To do >> Reproduce verbatim only the lines from the one containing "1pc Metal Push-Button" through the last line below, both included.

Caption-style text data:
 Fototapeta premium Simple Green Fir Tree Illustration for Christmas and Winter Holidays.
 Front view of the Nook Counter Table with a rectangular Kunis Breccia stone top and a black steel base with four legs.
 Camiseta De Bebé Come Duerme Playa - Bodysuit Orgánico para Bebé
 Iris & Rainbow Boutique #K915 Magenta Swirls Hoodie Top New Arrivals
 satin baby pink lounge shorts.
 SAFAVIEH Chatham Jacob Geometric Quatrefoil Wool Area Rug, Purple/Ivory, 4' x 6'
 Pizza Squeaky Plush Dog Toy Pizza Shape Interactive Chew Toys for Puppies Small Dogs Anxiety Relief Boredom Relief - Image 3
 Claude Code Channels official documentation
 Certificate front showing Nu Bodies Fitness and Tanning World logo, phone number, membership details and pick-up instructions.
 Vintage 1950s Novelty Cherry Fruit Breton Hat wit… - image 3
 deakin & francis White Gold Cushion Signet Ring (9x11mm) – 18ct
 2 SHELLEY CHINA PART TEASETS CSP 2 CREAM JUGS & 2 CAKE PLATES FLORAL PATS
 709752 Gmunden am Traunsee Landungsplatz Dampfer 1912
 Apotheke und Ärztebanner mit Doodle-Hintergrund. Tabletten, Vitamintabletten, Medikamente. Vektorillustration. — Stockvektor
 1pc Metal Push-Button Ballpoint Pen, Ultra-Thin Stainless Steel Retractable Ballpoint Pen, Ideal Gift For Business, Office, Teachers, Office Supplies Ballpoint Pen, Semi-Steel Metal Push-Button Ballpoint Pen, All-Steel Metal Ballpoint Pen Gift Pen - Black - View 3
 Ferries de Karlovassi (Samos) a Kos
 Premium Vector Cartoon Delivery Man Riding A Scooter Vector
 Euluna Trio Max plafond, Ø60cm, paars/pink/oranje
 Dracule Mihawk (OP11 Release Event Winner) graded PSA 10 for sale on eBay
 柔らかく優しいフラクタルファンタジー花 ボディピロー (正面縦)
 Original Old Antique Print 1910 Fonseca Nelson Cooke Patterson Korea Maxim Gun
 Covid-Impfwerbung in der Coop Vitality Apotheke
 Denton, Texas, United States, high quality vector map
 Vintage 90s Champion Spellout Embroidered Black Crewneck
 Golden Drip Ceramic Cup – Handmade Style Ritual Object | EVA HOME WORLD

Exercise response >>
 1pc Metal Push-Button Ballpoint Pen, Ultra-Thin Stainless Steel Retractable Ballpoint Pen, Ideal Gift For Business, Office, Teachers, Office Supplies Ballpoint Pen, Semi-Steel Metal Push-Button Ballpoint Pen, All-Steel Metal Ballpoint Pen Gift Pen - Black - View 3
 Ferries de Karlovassi (Samos) a Kos
 Premium Vector Cartoon Delivery Man Riding A Scooter Vector
 Euluna Trio Max plafond, Ø60cm, paars/pink/oranje
 Dracule Mihawk (OP11 Release Event Winner) graded PSA 10 for sale on eBay
 柔らかく優しいフラクタルファンタジー花 ボディピロー (正面縦)
 Original Old Antique Print 1910 Fonseca Nelson Cooke Patterson Korea Maxim Gun
 Covid-Impfwerbung in der Coop Vitality Apotheke
 Denton, Texas, United States, high quality vector map
 Vintage 90s Champion Spellout Embroidered Black Crewneck
 Golden Drip Ceramic Cup – Handmade Style Ritual Object | EVA HOME WORLD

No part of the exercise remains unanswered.